I thought about the people following me and wondered why they were in such a rush. Some probably left too late to get to a job they despise but can’t afford to lose. After staying up the night before to watch a show they didn’t care about, they set their alarms for the last possible moment, and woke to the hurry and dash. And tomorrow they’ll do it all over again.
In reading through the Gospels I’ve noticed something worth contemplating: though Jesus was on a mission to save the world, he never seemed to be in a hurry. There was a rhythm to his life, and he lived within it, and even the emergencies of life could not force him out of it.
Various religious traditions, as well as contemporary non-religious self-help programs, speak of the possibility of living in the moment in ways that free a person from anxiety and enable him to enjoy and appreciate life. But to live in the moment one must be anchored to the eternal, just as, for the musician, to improvise well one must be grounded in the score.
Again, Jesus provides an excellent example of this. He handled both emergencies and opportunities – not to mention the daily grind – from a position of stability, firmly balanced between eternity and the present moment. He could fully experience the joys and sorrows of the present without anxiety because he was firmly connected to the eternal. He was rooted.
This is precisely what most of us in contemporary society lack. We are not rooted in eternity or even in the past; we are instead carried along by the social fads of the day or the urgent demands of personal desire. Our modern economy is, in fact, conditioned on this sad reality.
In such a state we are easily manipulated by the demands of other people’s desires as well as our own. We are vulnerable to deception and easily swallow the false advertising of the day. St. Paul described people in this condition as spiritual “infants, tossed back and forth by the waves, and blown here and there by every wind of teaching and by the cunning and craftiness of men in their deceitful scheming.”

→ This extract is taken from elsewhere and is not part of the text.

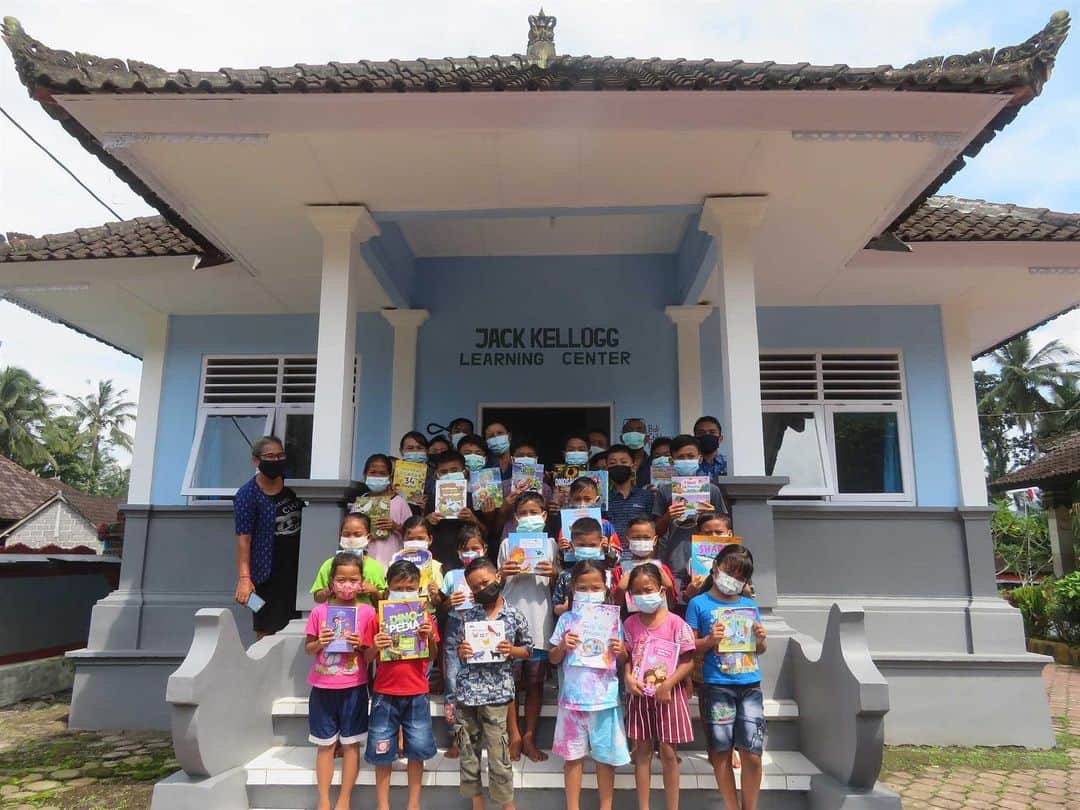 ティモシー・サイクスのインスタグラム：「⚠️NEW KARMAGAWA SCHOOL ALERT!⚠️ I’m proud to announce the opening the 74th @karmagawa school/library, The Jack Kellogg Learning Center, in Bali, Indonesia, in honor of my student @jackkellogg and his truly incredible $5.7+ million in trading profits as he has studied & hustled SO HARD over the past few years & now it’s paying off in this hot market. Never forge 90%+ of traders lose, most small businesses fail, achieving great success at anything in life is very difficult so if you want to even have a chance at success, it all begins with the right mindset & a solid foundation of education…and with this new learning center, now these children can study hard like Jack! And no, they’re not being taught trading like people think it’s funny to joke about, they’re finally getting a chance at having a proper education with all the basics: reading, writing, mathematics, science etc. thanks to the great work of @balichildrensproject so I couldn’t be more thrilled! This is our 25th school/library in Bali, 74th overall, but our goal is 1,000+ so just as I tell my own students to dream big/work hard, so too are my Karmagawa co-founder @badboi and I as we have some cool projects coming up, like some brand new charity march next week, with 100% of profits getting donated to build even more schools/help more animals so get excited for the future, together we CAN make this a better world for humans and animals alike! #busyweek #newschool #studyhard #karmagawa #edjewcation」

Paradoxically, we can only live fully in the moment when we are connected to something outside the moment. Until we know we are being held, we will never really be able to let go and experience life in its abundance. Not knowing that, we rush through life, grasping at anything that promises – even falsely – to meet our needs.
Carl Jung said, “Hurry is not of the devil; it is the devil.” I’m not sure I understand what he meant by that, but I suppose Jung saw hurry as injurious to the spirit. Yet perhaps it is not just that hurry injures the spirit, but that an injured spirit cannot help but hurry. If that is so, help will not come merely from slowing down, but from reaching up and connecting to the eternal.